There were two groups of fallen creatures, two races. There were
the angels and there were men. The Scripture says the angels
kept not their first estate, but they fell. Christ said, I
saw Lucifer fall from heaven like lightning. Now, the angels
fell and man fell. and a sovereign God decided which
one would be redeemed. And it says in Hebrews 2.16,
Verily he took not on him the nature of angels. Christ didn't
become an angel to obey for the angels and die for the angels
and redeem the angels, but he took on him the seed of Abraham,
the likeness of sinful flesh, wherefore in all things it behooved
him to be made like his brethren, those he set out to save, that
he might be a merciful and faithful high priest in things pertaining
to God, and make reconciliation for the sin of the people as
the first divine choice. Christ did not take on himself
the nature of angel. They are reserved in everlasting
change of darkness unto the And I don't hear these preachers
that are blasting sovereignty and election, I don't hear them
saying anything about the unfairness of God to pass by the angel.
But he did. I've never in all of my listening
to preachers who take it upon themselves to blast the doctrine
of election, it's not fair for God to choose one and pass by
another, they don't say anything about the angel. And they know
God didn't redeem the angel, they know God passed by the angel,
because it says right here Christ didn't take on himself the nature
of angels. He could have, but he didn't. He didn't. And then there's the second divine
choice, Exodus 33. Exodus 33, verse 18. Moses says,
Show me thy glory. In verse 19, God said, I will
make all my goodness pass before thee, I will proclaim the name
of the Lord before thee, I will be gracious to whom I will be
gracious, and I will show mercy on whom I will show mercy. So first of all, God passed by
the angels and chose the seed of Abraham. And he passed by
the Amorites and the Malachites and the Hittites and all the
rest of those hites back then in the Old Testament. They didn't
have the covenant, they didn't have the prophets, they didn't
have the scripture, they didn't have the tabernacle, they didn't
have the sacrifices. I don't hear anybody fussing
about that. And God shows mercy to whom he will. God Almighty
exercises his goodness according to two things. Now you always
remember And this is so according to his good pleasure and his
divine wisdom. Now the third, the Father acted
thirdly as a holy and righteous God. In the covenant of grace
he acted out of infinite love, he acted as a sovereign God,
and he acted thirdly as a righteous God. Now listen to this, it is
impossible. for God to devise or approve
any way of salvation that would reflect dishonor upon himself
and upon his law. He can't do it. Now, that's what
a lot of people think that all God has to do, all they have
to cry is, Lord, be merciful, and the Lord will be merciful.

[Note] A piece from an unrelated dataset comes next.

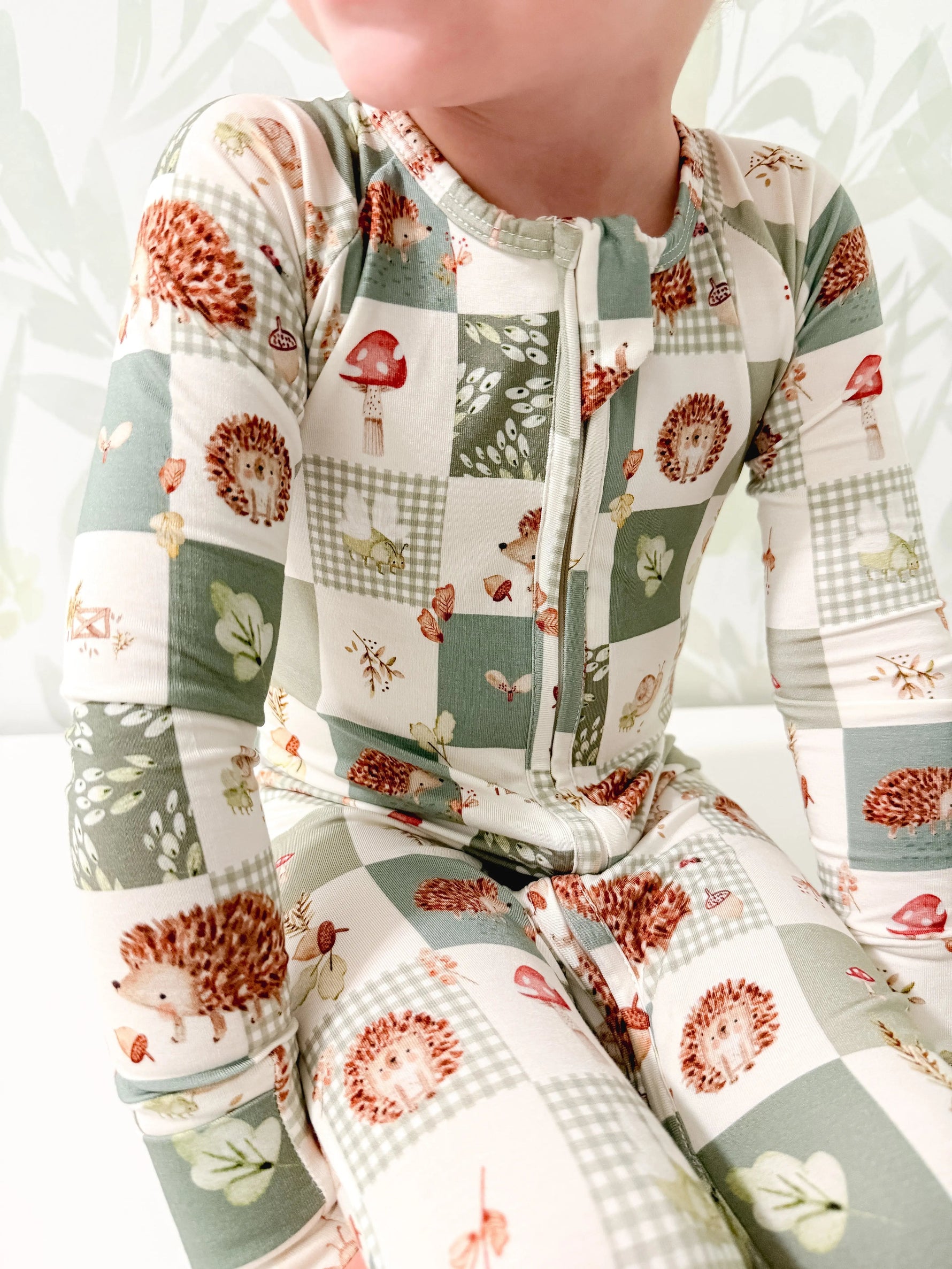 Little Joy Co. Harvest Hedgehogs Bamboo Zippy Pajamas - 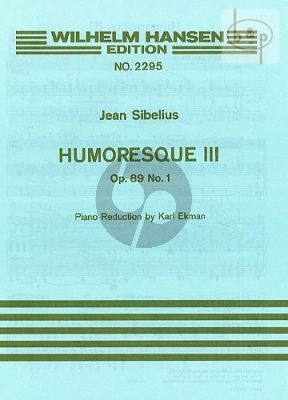 Humoresque No.3 Op.89A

All they have to do is just say, Lord, forgive me, and he'll forgive
them. He can't do it. Almighty God cannot devise or
approve of any way of pardon, any way of forgiveness, that
dishonors His law, and dishonors His character, and dishonors
His justice. If man is restored, God's law
has got to be obeyed, and God's justice has got to be satisfied,
and God's truth has got to be honored. That's the reason Christ
became a man. That's the reason in the covenant
of mercy God acted as a holy and righteous God. He had to
provide a suitable, sufficient Savior. He couldn't just erase
sin. God cannot blot out sin without
sin being paid for. It's got to be paid for. Sin has got to produce suffering. Sin has got to produce death.
Sin has got to produce punishment. And God cannot, He will in no
wise, clear the guilty. You say, how did He clear us?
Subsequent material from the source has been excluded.